Eric Hagen: Good morning, guys. Hope you’re doing well. On moving the servicing in-house, what kind of timeline are you looking at? Can you talk about any one-time costs, other resources or investments you need to make that happen? And then how does it maybe improve the recapture effort as a result of bringing it all in-house? Thanks, guys.

Mat Ishbia: Thanks a lot, Eric. Appreciate it. Like you know, everything we do, we do fast, so our expectation is to bring servicing in-house and start boarding loans at the beginning of ‘26, and hopefully have it all in-house by the end of next year, if you think of it that way. So we’ll be able to see those significant expense reductions. And at the same time, as you pointed out, the more important part is; one, the recapture rate, but two, the service levels we can provide the consumers. The consumers get such amazing service working with the mortgage broker, with UWM, and then maybe they don’t get that same feel all the way through the process when they’re paying their mortgage payment for the next couple of years. They’ll have that now because we’ll control that process 100%.

In addition to that, recapture will be even easier to help communicate with the borrowers on behalf of our brokers and make sure our brokers can stay in front of their clients. But recapture’s actually not been a huge issue for us. It’s actually pretty good. Our brokers are doing better and better with that. But the big thing is cost savings, control the process, make it so it’s a better experience for consumers, and then thus, they’re going to want to work with UWM even more. So we’re excited about that change and that investment we’re making, but there are no huge one-time expenses or costs that are going to change anything that would make it even hit the radar on the financial side.

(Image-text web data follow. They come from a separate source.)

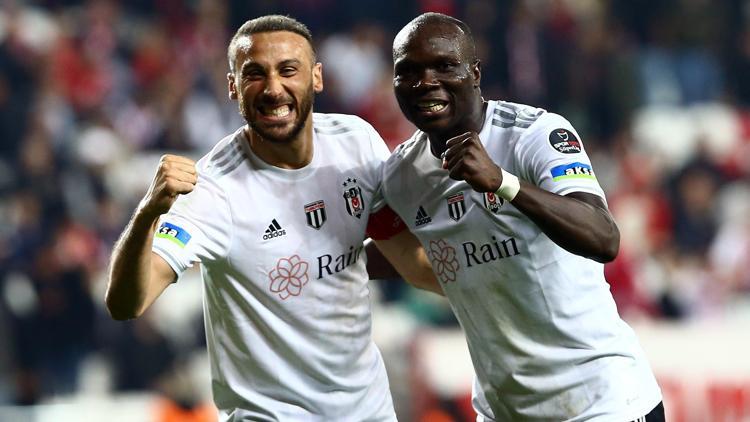 Cenk Tosun, Süper Lig’de 13. golünü attı Aboubakar’dan da 13 maçta 10 gol...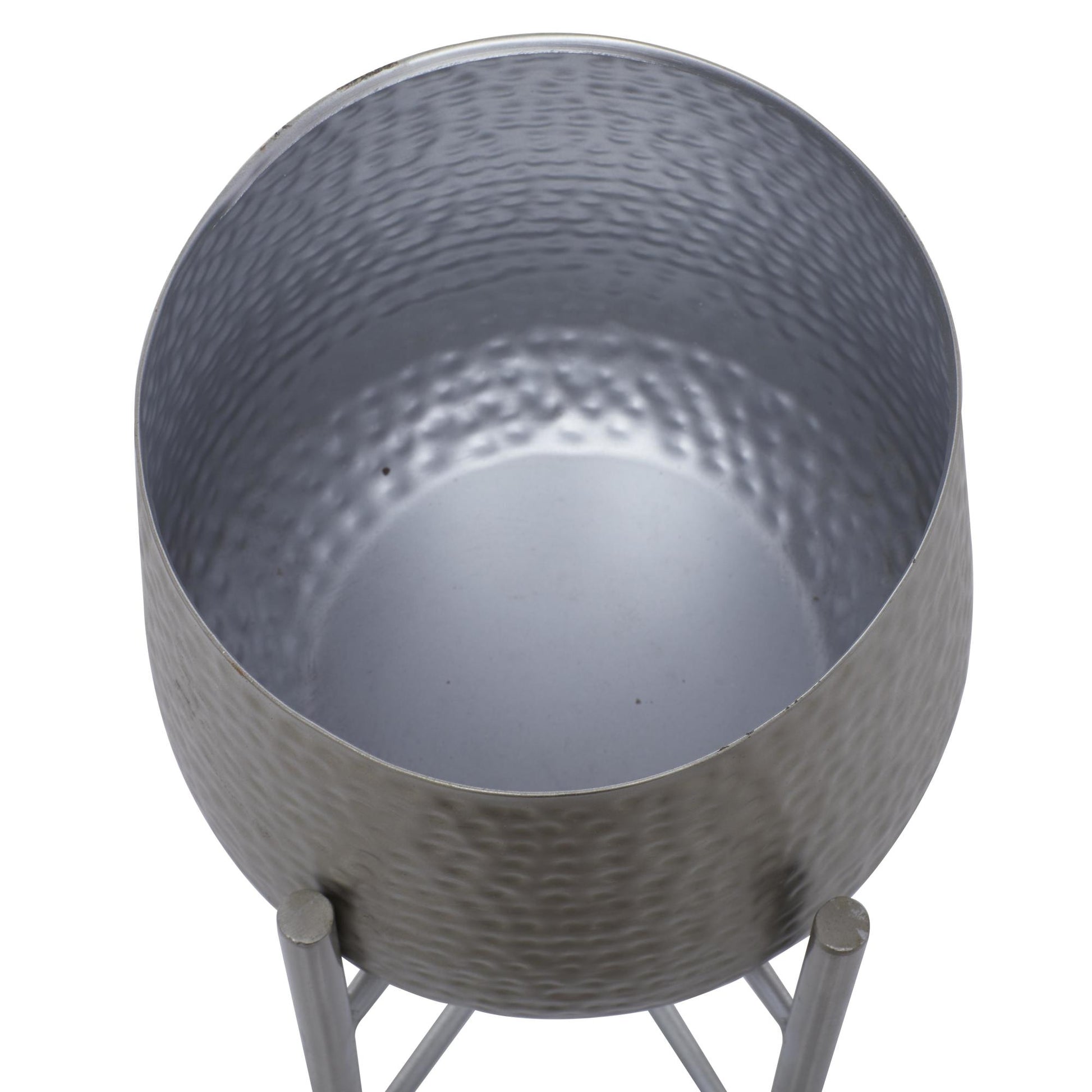 CosmoLiving by Cosmopolitan Set of 2 Metal Hammered Indoor Outdoor Planter with Removable Stand
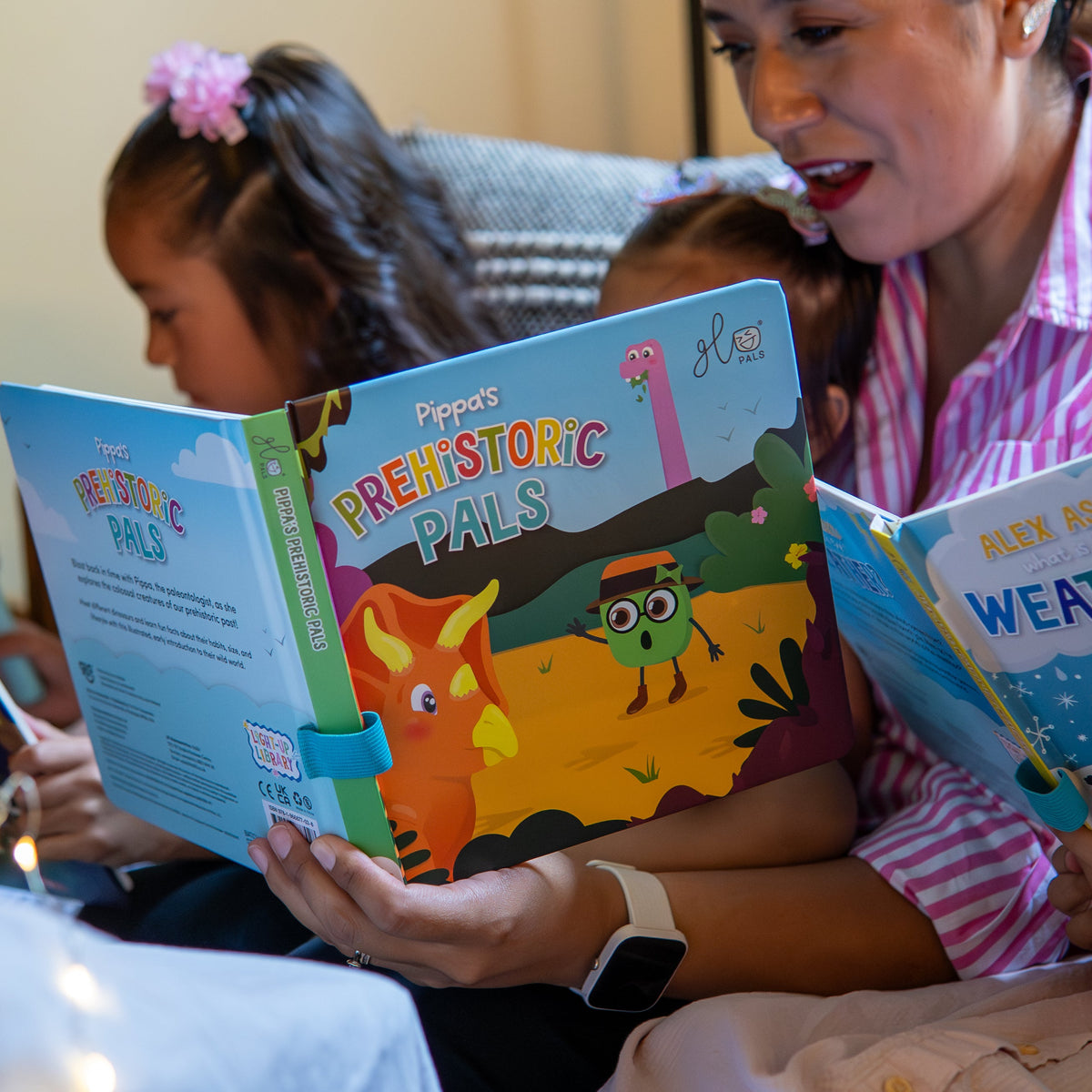 Glo Pals Glo Pals - Light-Up Library - Pippa's Prehistoric Pals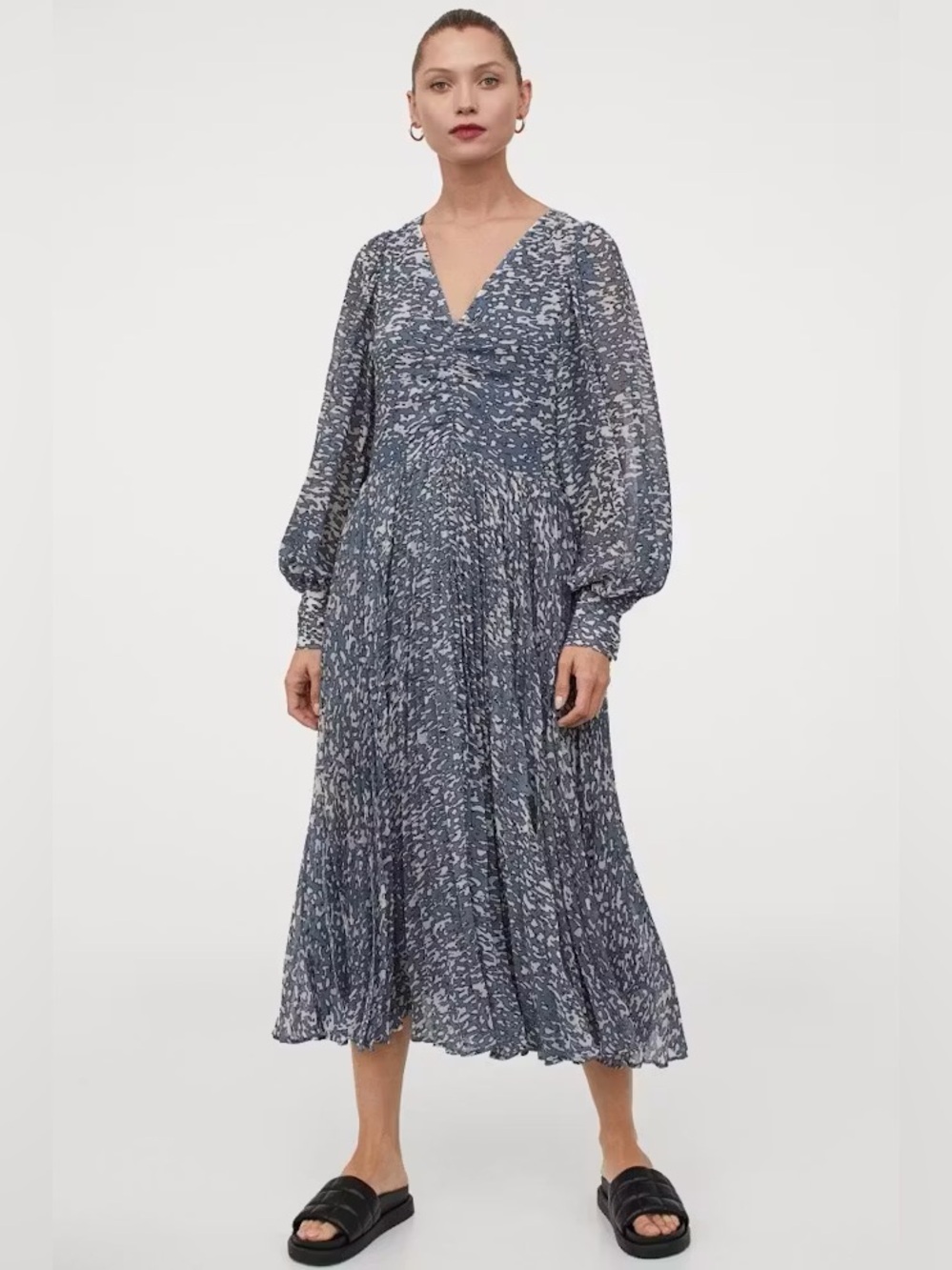 H&M Long Sleeve Midi Dress size L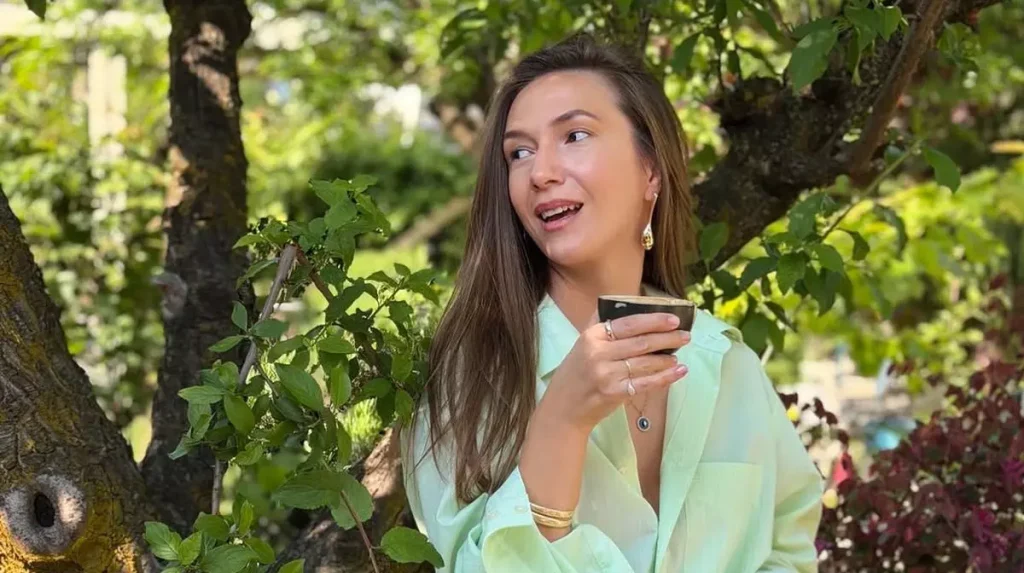 Adela Popescu a atras toate privirile la o nunta. Ținuta elegantă a stârnit numeroase reacții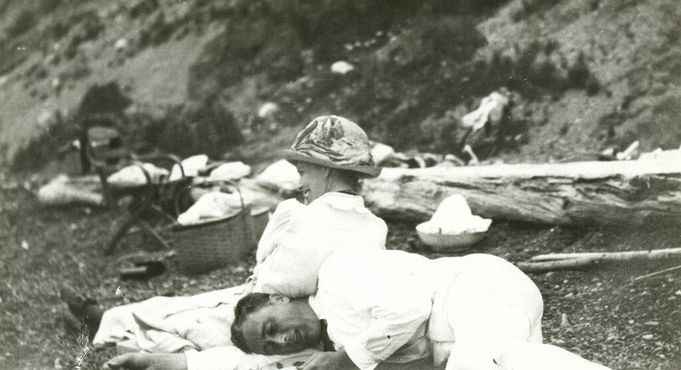 Франклин Делано Рузвельт со своей женой Элеонор в 1910 году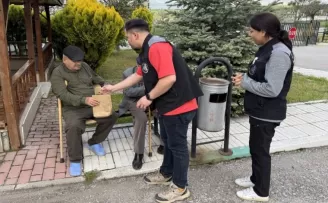 Çorum’da huzurevi sakinlerine bayram ziyareti
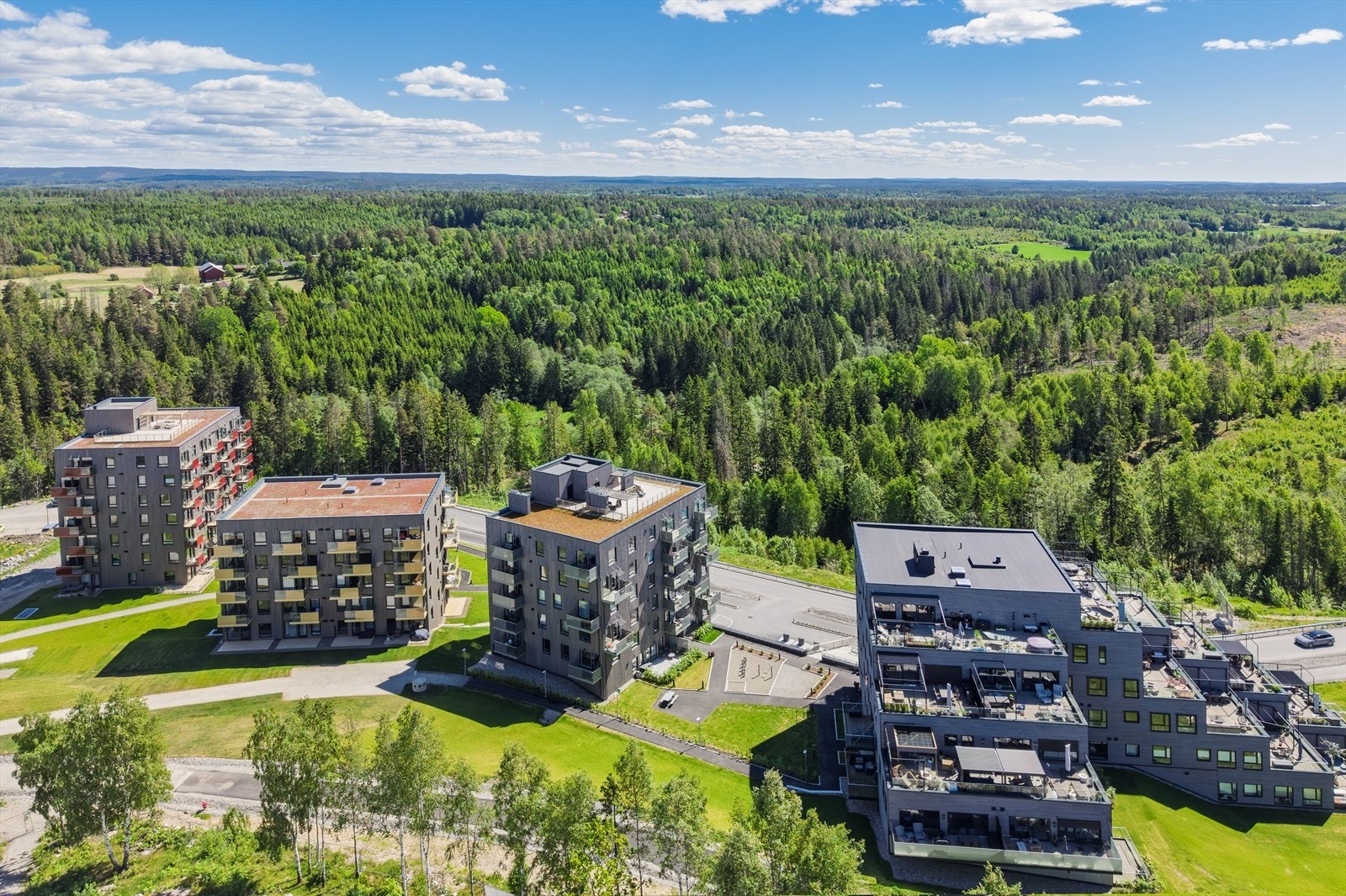 Det er gangavstand til Vestby stasjon, hvor Follobanen gir en reisetid til Oslo S på ca. 20 minutter. Galleribilde
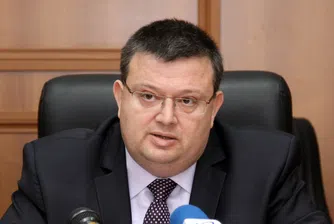 Сотир Цацаров подава оставка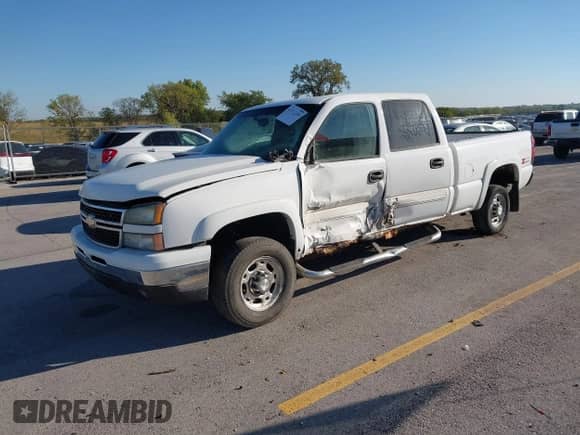 2007 Chevrolet Silverado 1500HD LS z VIN 1GCGK13U27F172888, wystawiony jako IAAI lot #43312240 z przebiegiem 134 399 mil mil oraz . Historia ofert i sprzedaży dostępna na DreamBid. Obrazek 21.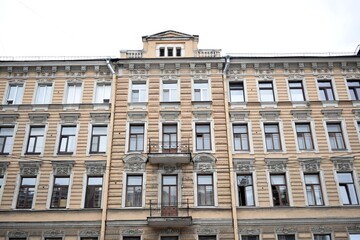 Fototapeta na wymiar building with windows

Eric Hagen: Definitely support that move from you guys. Imagine almost all of the production last quarter was fixed rate loans, but at what point do you think ARMS may make a comeback? Do you see that being a compelling affordability product for borrowers, especially like right now? And are you in a position to competitively offer ARMS? And then how do you think a shift to adjustable-rate loans could maybe get valued in the MSR market if the intention is to sell those loans?

Mat Ishbia: Obviously as rates go up, ARMS becomes more exciting, especially with the yield curve being more normalized. But with that being said, people still think ARMS is a four-letter word, and people are scared of ARMS. And so I don’t think many people… How much ARMS will it be? Could it be 10%? I mean, 15%? I don’t think it gets close to those numbers. And so I don’t think it’s relevant. I don’t think it’s really that important. We do have some ARMS programs. We do some a little bit here and there. But most consuming rates, the 10-year goes down to 410 or 405 [ph], and no one will touch an ARMS again. It just depends on the situation in the market. ARMS are probably more of a refi program. We’re doing some temporary buy-downs, which is an interesting thing on a purchase, which kind of gives them a little bit lower rate for the first 12 or 24 months and then it sets them up for future refinance down the road if rates go down like everyone expects.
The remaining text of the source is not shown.